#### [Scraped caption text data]
________________________

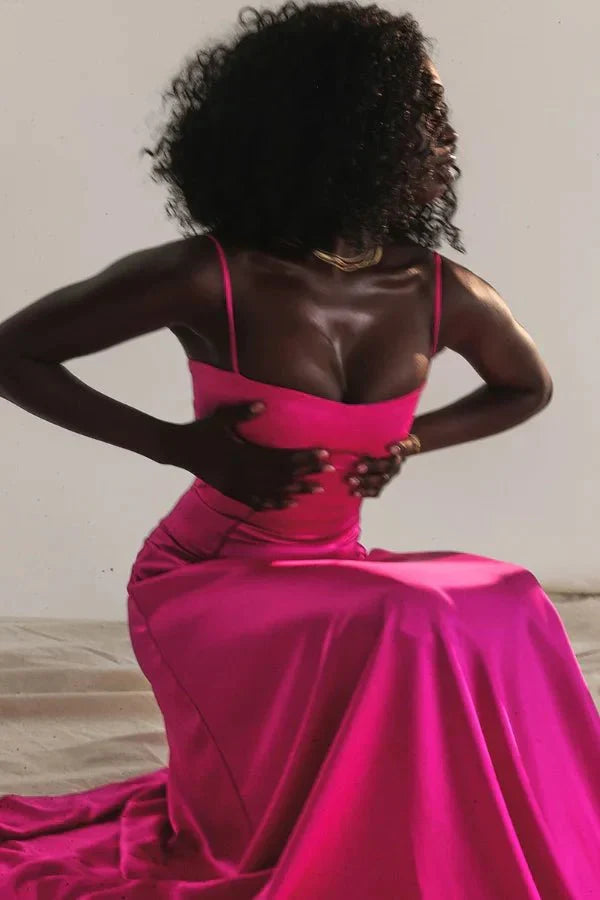 Satin-Maxikleid für Damen | Korsett-Rücken mit Schnürung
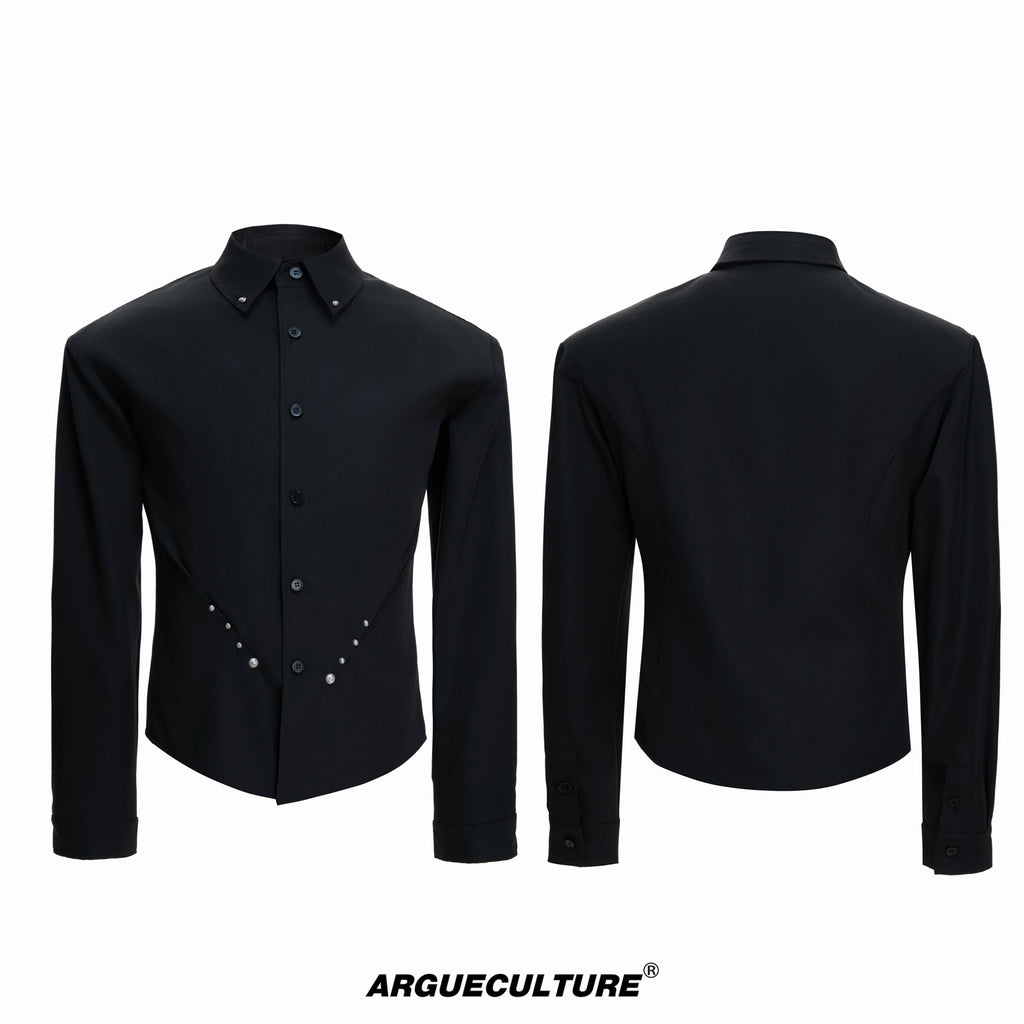 Argue Culture Studded Waist-Shaped Puff-Sleeve Shirt - color view 7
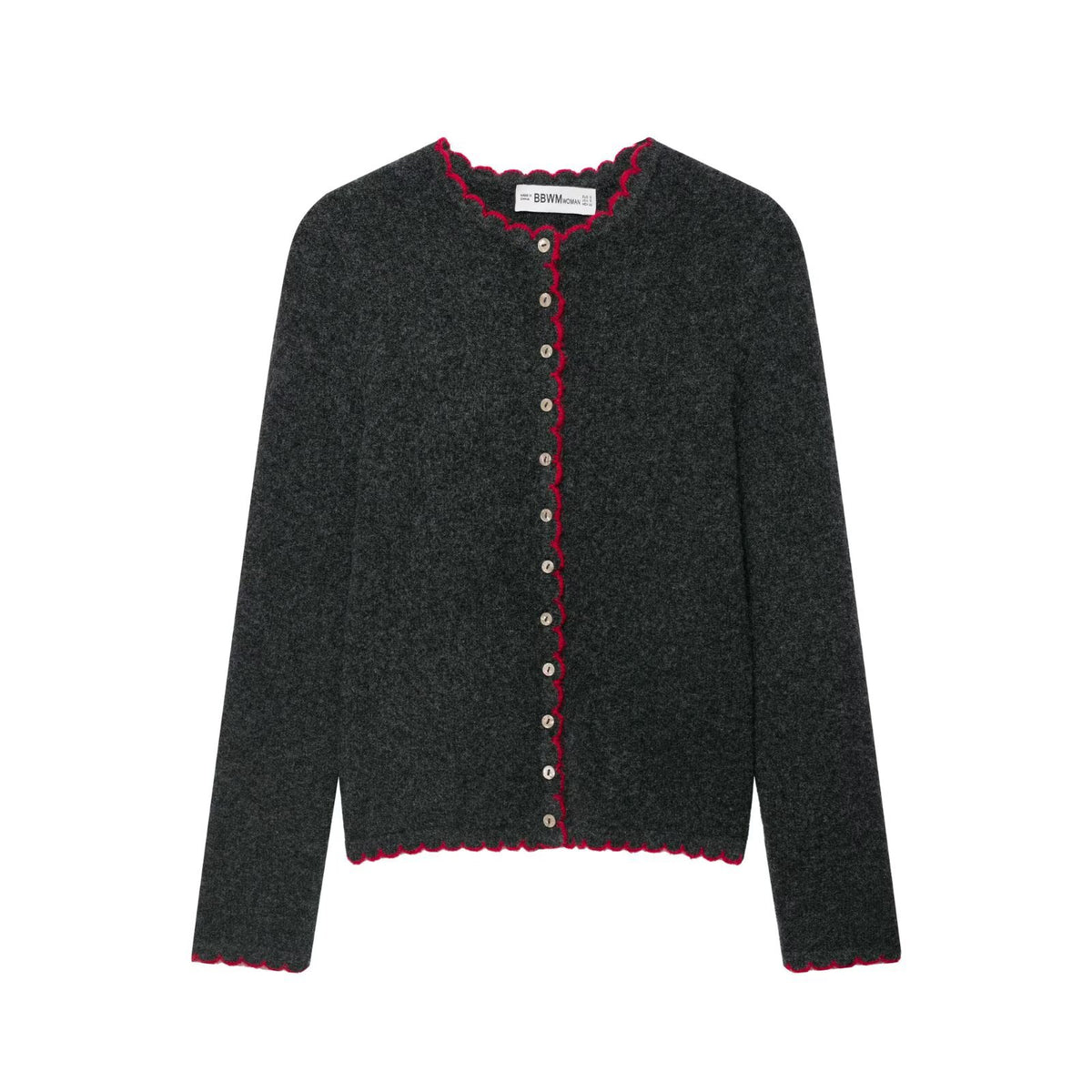 Long Sleeve Knit Cardigan Jacket with Lace Trim and Button Closure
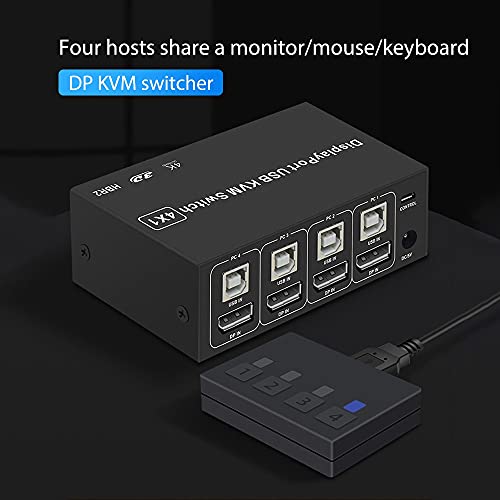 4 Poorten DP KVM Switch 4K 60Hz 4 In 1 Out USB Displayport Switch Box PC Share Monitor Muis Toetsenbord Printer Switcher - Image 6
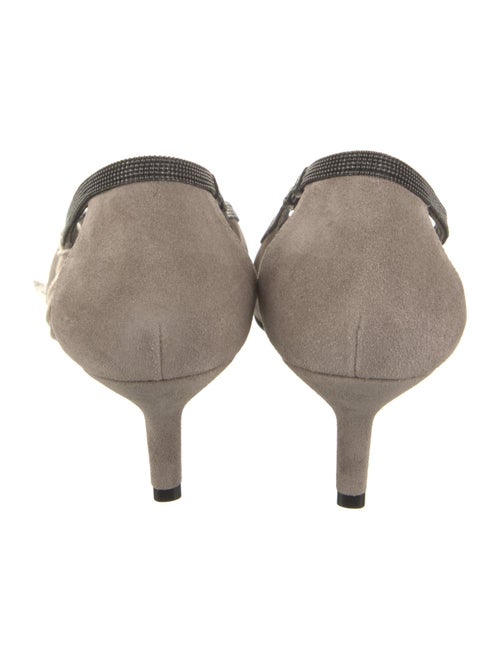 Brunello Cucinelli Suede Printed Slingback Pumps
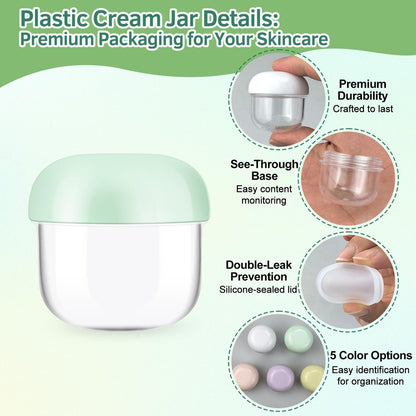 MUIIGOOD 5-Piece Mini Travel Jars Set - 20ml & 10ml Leak-Proof Acrylic Containers for Creams, Lip Balm, and Toiletries with Labels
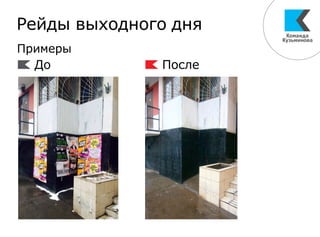 До После
Примеры
Рейды выходного дня
 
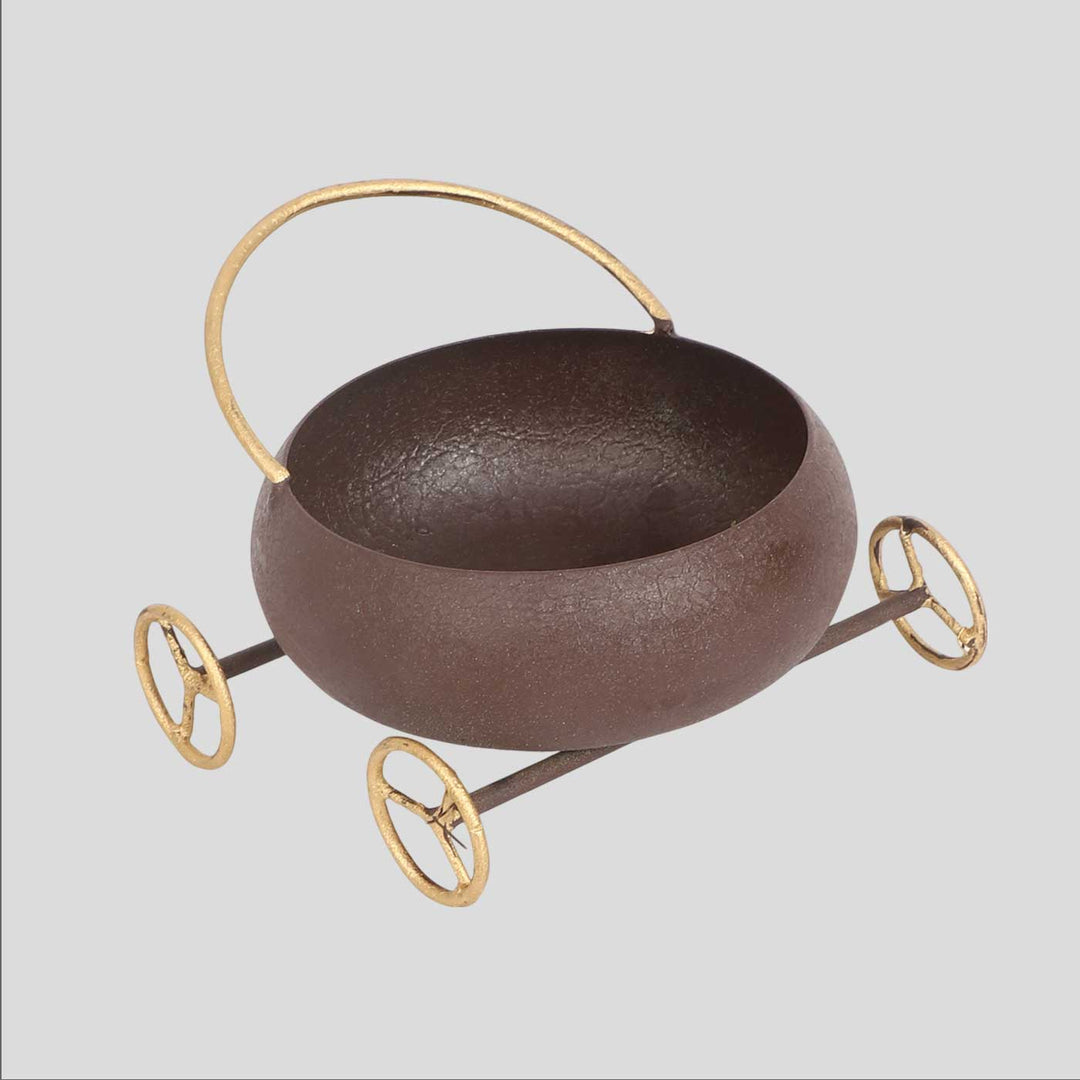 Handmade Round Bowl Snacks Platter With Wheels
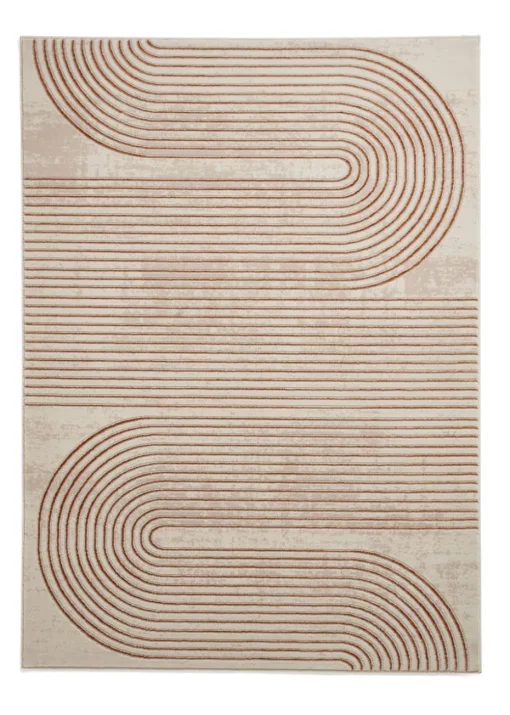 Think Rugs Apollo Bronze/Grey Modern Linear Rectangle Rug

________________________

#### [TRY IT]
Could you transcribe exactly the lines from the start of the records through the line containing "Brunello Cucinelli Suede", both ends included, leaving the pictures out?

#### [RESULT FOR THIS TASK]
 Satin-Maxikleid für Damen | Korsett-Rücken mit Schnürung
 Argue Culture Studded Waist-Shaped Puff-Sleeve Shirt - color view 7
 Long Sleeve Knit Cardigan Jacket with Lace Trim and Button Closure
 4 Poorten DP KVM Switch 4K 60Hz 4 In 1 Out USB Displayport Switch Box PC Share Monitor Muis Toetsenbord Printer Switcher - Image 6
 Brunello Cucinelli Suede Printed Slingback Pumps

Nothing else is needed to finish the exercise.